THE INPUT:
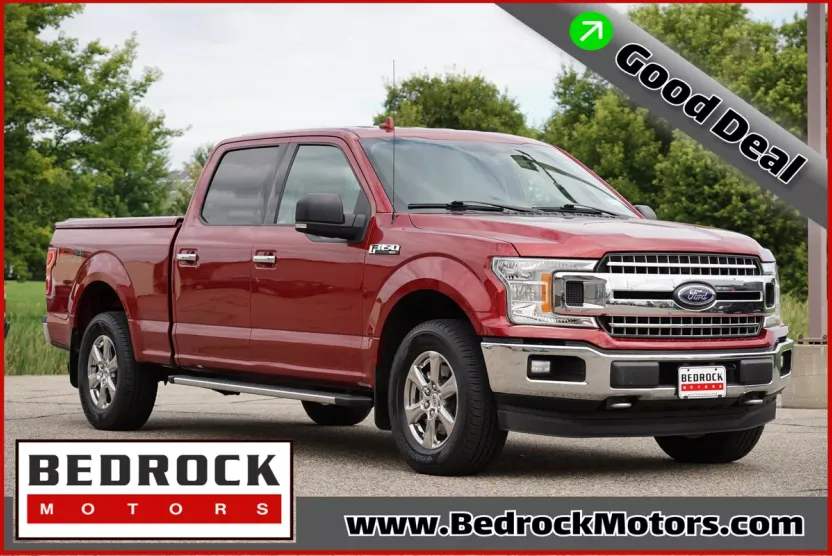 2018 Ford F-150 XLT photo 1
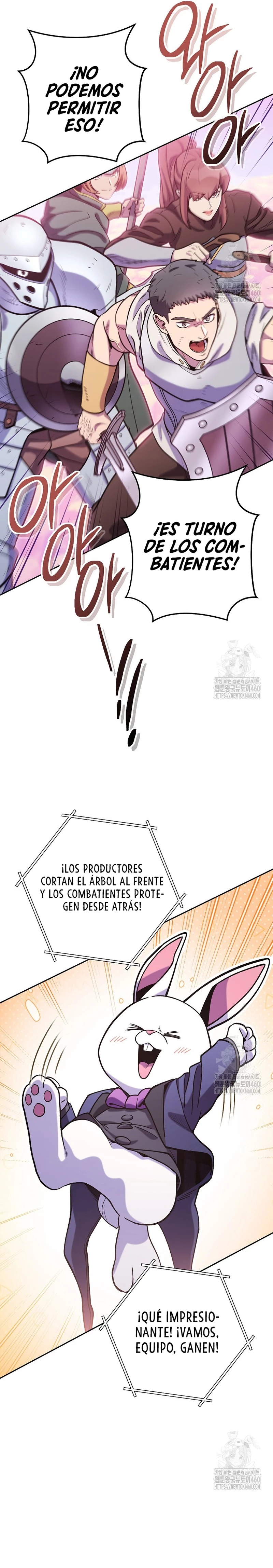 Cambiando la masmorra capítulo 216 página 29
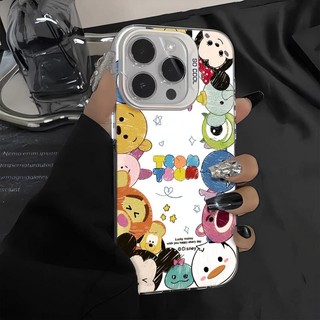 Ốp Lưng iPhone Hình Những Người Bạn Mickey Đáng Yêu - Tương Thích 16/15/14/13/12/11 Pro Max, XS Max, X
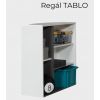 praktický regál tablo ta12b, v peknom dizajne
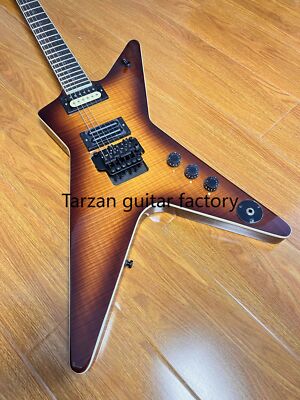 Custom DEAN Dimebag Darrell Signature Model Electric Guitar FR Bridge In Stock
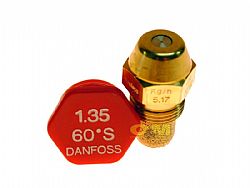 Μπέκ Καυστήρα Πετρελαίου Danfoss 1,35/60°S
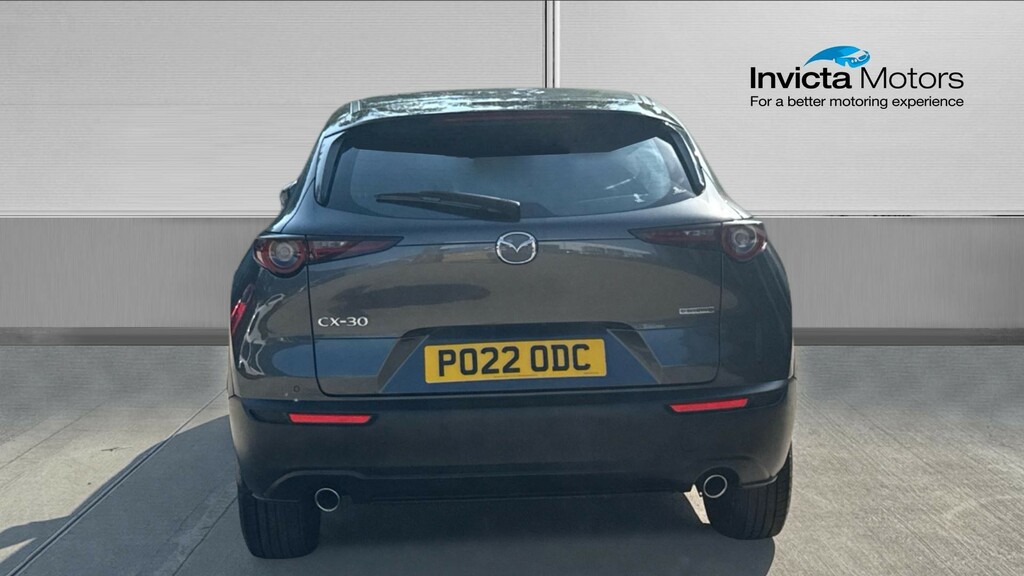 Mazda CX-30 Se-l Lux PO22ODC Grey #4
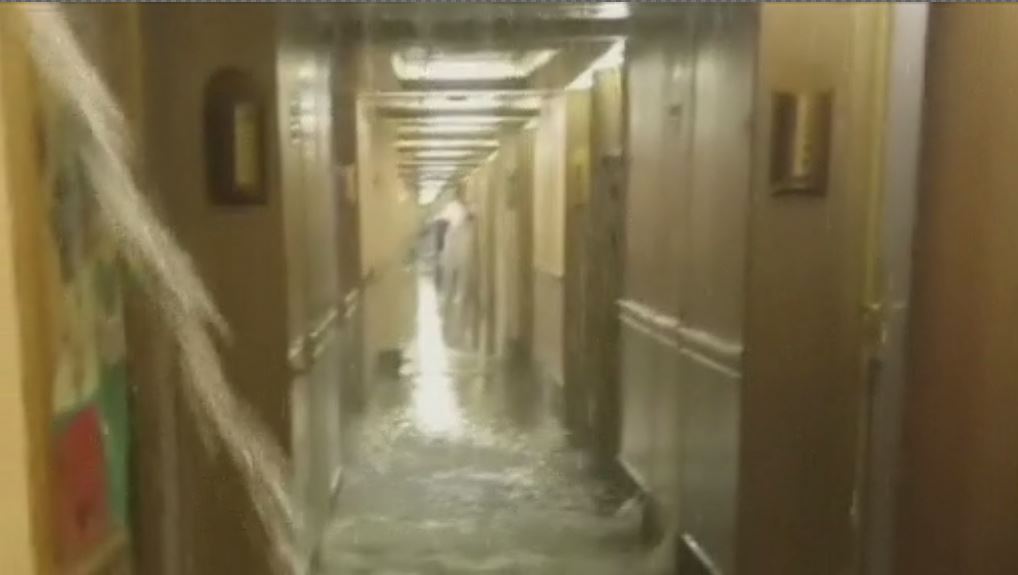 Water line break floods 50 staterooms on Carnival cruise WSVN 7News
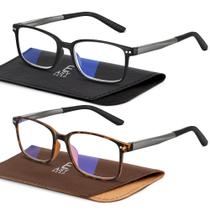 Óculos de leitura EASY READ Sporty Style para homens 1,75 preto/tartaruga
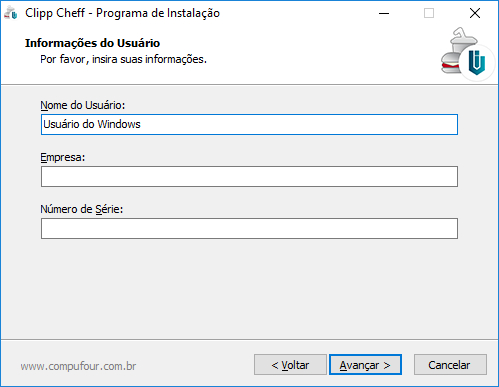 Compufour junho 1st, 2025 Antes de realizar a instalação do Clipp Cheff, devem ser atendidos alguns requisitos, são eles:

...

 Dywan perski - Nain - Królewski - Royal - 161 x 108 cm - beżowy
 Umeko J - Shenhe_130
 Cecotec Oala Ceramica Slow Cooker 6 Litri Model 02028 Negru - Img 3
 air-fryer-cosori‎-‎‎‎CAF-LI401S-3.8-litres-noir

==

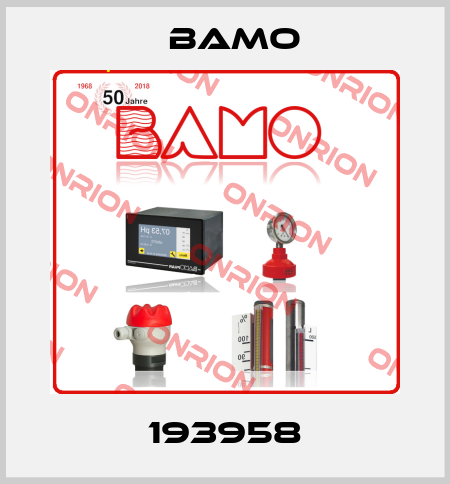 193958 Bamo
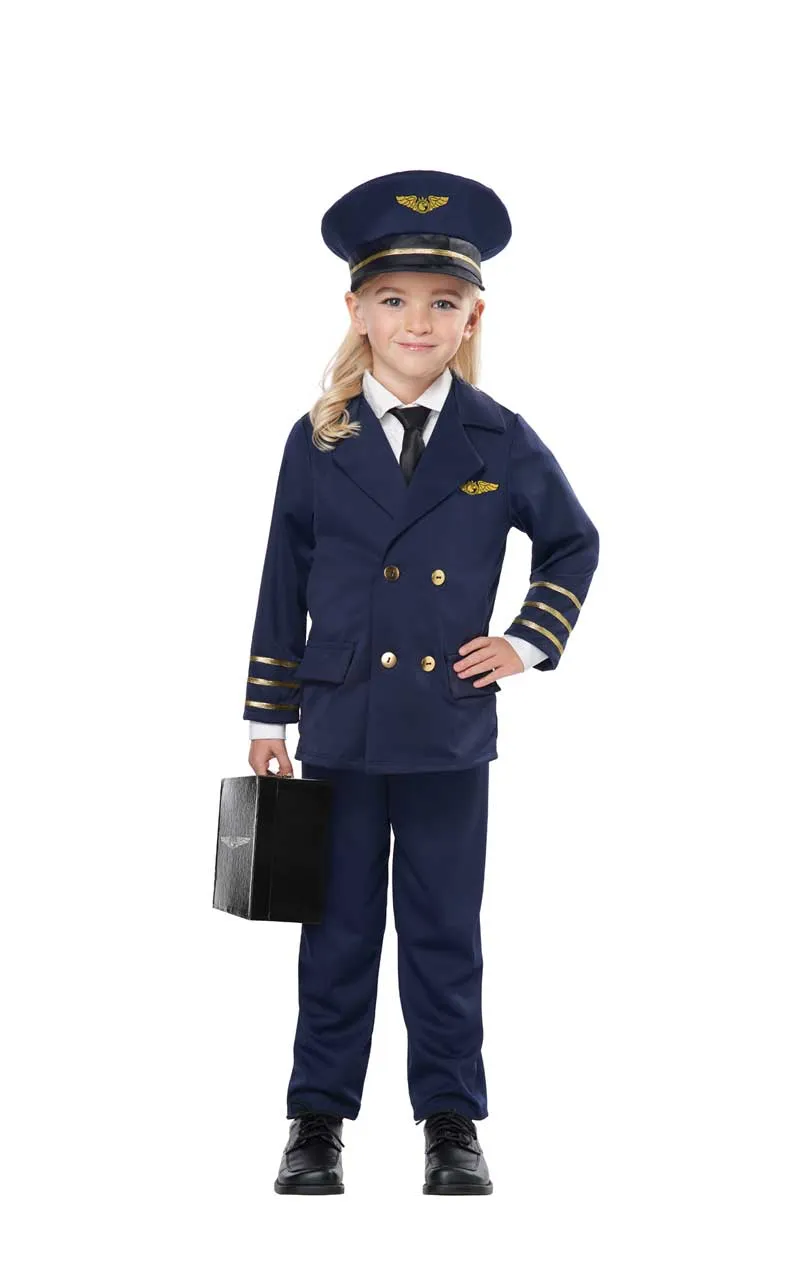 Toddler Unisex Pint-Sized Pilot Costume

TASK OBJECTIVE: Print nothing except the lines above from the one containing "2018 Ford F-150 XLT photo 1" down to the one containing "Compufour junho 1st, 2025", both included, exactly as written and free of pictures.

ANSWER TO THIS PROBLEM:
 2018 Ford F-150 XLT photo 1
 Cambiando la masmorra capítulo 216 página 29
 Ốp Lưng iPhone Hình Những Người Bạn Mickey Đáng Yêu - Tương Thích 16/15/14/13/12/11 Pro Max, XS Max, X
 praktický regál tablo ta12b, v peknom dizajne
 Custom DEAN Dimebag Darrell Signature Model Electric Guitar FR Bridge In Stock
 Μπέκ Καυστήρα Πετρελαίου Danfoss 1,35/60°S
 Mazda CX-30 Se-l Lux PO22ODC Grey #4
 Water line break floods 50 staterooms on Carnival cruise WSVN 7News
 Óculos de leitura EASY READ Sporty Style para homens 1,75 preto/tartaruga
 Compufour junho 1st, 2025 Antes de realizar a instalação do Clipp Cheff, devem ser atendidos alguns requisitos, são eles:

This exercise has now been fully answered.